SPSSX Discussion

Re: 'k/n' sampling

Classic

List

Threaded

1 message

Richard Ristow

Re: 'k/n' sampling

I'd offered, in posting "Re: Nested sampling", Wed, 31 Jan 2007
(13:06:33 -0500),

>Jon Peck's noted the COMPLEX SAMPLES module. In the meantime, you can
>use the 'k/n' method to do your sampling, though that doesn't help
>with the analysis. (If it's of real interest, I'll discuss the 'k/n'
>algorithm another time.)

At 04:23 PM 1/31/2007, [hidden email] asked, off-list:

>Richard,
>I would be interested in that 'k/n' algorithm.
>Warmest Regards Paul

(I've been so long at this because I had trouble working out the proof
that all members are selected with the same probability.)

What's colloquially known as the 'k/n' algorithm is a technique for
drawing a sample of a specified exact size K, from a given population
of size N. Its advantages are,
. It works with a single pass through the population data; neither
sorting nor random access are required
. It gives the desired result, namely equi-probable inclusion of all
members of the population. (Proof follows the demonstration listing.)
. It can readily be adapted to take samples from each of as many
subgroups as desired, of an overall population. (I do that, in the
posting "Re: Nested sampling" I mentioned above.)
. With a little more effort, it can be adapted to select a set of
disjoint samples from the population

CAVEAT:
The algorithm REQUIRES, at the beginning, the size of the population
being sampled from. If the number is too low, sampling is not
equi-probable; members near the end of the population are excluded. If
it is too high, the sample may be too small.

Logic:
The algorithm uses two running parameters, conventionally called 'k'
and 'n'. Parameter 'k' is the number of members of the sample not yet
drawn; 'n' is the number of members of the population not yet
considered for drawing. It's called the 'k/n' algorithm because, at
each step, the probability of selecting the population member under
consideration is k/n. Here's SPSS code to carry it out, to select 7
members of a 20-member population.

This is SPSS 15 draft output. As always, test data is at the very end.
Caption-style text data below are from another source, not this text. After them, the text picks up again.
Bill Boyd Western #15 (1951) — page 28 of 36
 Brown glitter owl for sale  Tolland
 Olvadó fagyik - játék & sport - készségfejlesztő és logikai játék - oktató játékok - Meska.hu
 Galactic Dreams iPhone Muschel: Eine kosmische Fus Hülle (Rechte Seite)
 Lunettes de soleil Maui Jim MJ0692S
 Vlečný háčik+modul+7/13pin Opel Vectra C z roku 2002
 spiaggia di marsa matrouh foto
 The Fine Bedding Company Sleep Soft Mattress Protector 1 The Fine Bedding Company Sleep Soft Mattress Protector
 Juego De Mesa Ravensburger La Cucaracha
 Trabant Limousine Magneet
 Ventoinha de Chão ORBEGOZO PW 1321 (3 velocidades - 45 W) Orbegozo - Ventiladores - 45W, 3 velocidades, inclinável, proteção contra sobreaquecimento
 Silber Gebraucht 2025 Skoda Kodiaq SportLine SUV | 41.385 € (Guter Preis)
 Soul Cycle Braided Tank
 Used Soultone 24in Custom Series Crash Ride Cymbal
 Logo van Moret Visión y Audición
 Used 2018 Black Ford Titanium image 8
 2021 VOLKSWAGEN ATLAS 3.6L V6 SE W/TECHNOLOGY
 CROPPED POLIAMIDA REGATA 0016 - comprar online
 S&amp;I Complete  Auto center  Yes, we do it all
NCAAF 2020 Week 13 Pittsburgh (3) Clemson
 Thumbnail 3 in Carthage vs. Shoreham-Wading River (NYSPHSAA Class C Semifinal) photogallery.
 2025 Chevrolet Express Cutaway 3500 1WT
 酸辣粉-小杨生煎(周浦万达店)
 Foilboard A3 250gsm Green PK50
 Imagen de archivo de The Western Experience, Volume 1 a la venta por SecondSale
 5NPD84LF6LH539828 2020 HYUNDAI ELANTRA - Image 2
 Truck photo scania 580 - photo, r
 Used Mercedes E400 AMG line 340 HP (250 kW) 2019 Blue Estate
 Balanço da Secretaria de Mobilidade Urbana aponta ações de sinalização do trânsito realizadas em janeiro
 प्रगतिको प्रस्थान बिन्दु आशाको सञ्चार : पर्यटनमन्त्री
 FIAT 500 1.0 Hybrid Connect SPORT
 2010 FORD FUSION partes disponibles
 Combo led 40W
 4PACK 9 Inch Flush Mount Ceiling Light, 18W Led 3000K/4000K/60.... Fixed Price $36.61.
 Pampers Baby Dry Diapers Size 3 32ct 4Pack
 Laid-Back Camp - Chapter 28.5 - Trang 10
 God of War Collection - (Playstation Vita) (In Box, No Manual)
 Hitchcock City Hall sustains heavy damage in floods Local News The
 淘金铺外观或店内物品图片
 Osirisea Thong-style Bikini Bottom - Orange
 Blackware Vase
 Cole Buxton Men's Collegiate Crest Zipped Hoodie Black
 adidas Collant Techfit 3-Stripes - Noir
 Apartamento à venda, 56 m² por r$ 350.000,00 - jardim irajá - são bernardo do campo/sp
* Sample 7 records from a dataset of 20 all told .

NUMERIC
N /* No. of records not yet considered for sampling */
K /* No. of records still to be drawn for the sample */
(F4)
/SAMPLED /* Marks current record as in the sample */
(F2).

LEAVE N K.
DO IF $CASENUM EQ 1.
. COMPUTE N = 20 /* No. of records in file. MUST BE CORRECT */.
. COMPUTE K = 7 /* No. of records desired for the sample */.
END IF.

DO IF (K/N) GE RV.UNIFORM(0,1).
. COMPUTE SAMPLED = 1.
. COMPUTE K = K-1.
ELSE.
. COMPUTE SAMPLED = 0.
END IF.
COMPUTE N = N-1.

LIST.

List
|-----------------------------|---------------------------|
|Output Created |02-MAR-2007 15:13:34 |
|-----------------------------|---------------------------|
Rcrd_Num N K SAMPLED

1.00 19 7 0
2.00 18 6 1
3.00 17 6 0
4.00 16 5 1
5.00 15 4 1
6.00 14 4 0
7.00 13 4 0
8.00 12 4 0
9.00 11 3 1
10.00 10 3 0
11.00 9 3 0
12.00 8 3 0
13.00 7 3 0
14.00 6 3 0
15.00 5 3 0
16.00 4 2 1
17.00 3 1 1
18.00 2 1 0
19.00 1 1 0
20.00 0 0 1

Number of cases read: 20 Number of cases listed: 20

SELECT IF SAMPLED EQ 1.
LIST.

List
|-----------------------------|---------------------------|
|Output Created |02-MAR-2007 15:13:34 |
|-----------------------------|---------------------------|
Rcrd_Num N K SAMPLED

2.00 18 6 1
4.00 16 5 1
5.00 15 4 1
9.00 11 3 1
16.00 4 2 1
17.00 3 1 1
20.00 0 0 1

Number of cases read: 7 Number of cases listed: 7
======================================================
PROOF that all population members are included in the sample with the
same probability:

Let N be the size of the population, and K the size of the desired
sample. (Note that these are not the same as running parameters n and
k, for the algorithm.) Then, the sample is fraction K/N of the
population.

Let

p(j) be the probability that member j of the population is selected;

k(j) be the number of sample members still to be selected, after
members 1 through j have been considered. (k(j) is a random variable.)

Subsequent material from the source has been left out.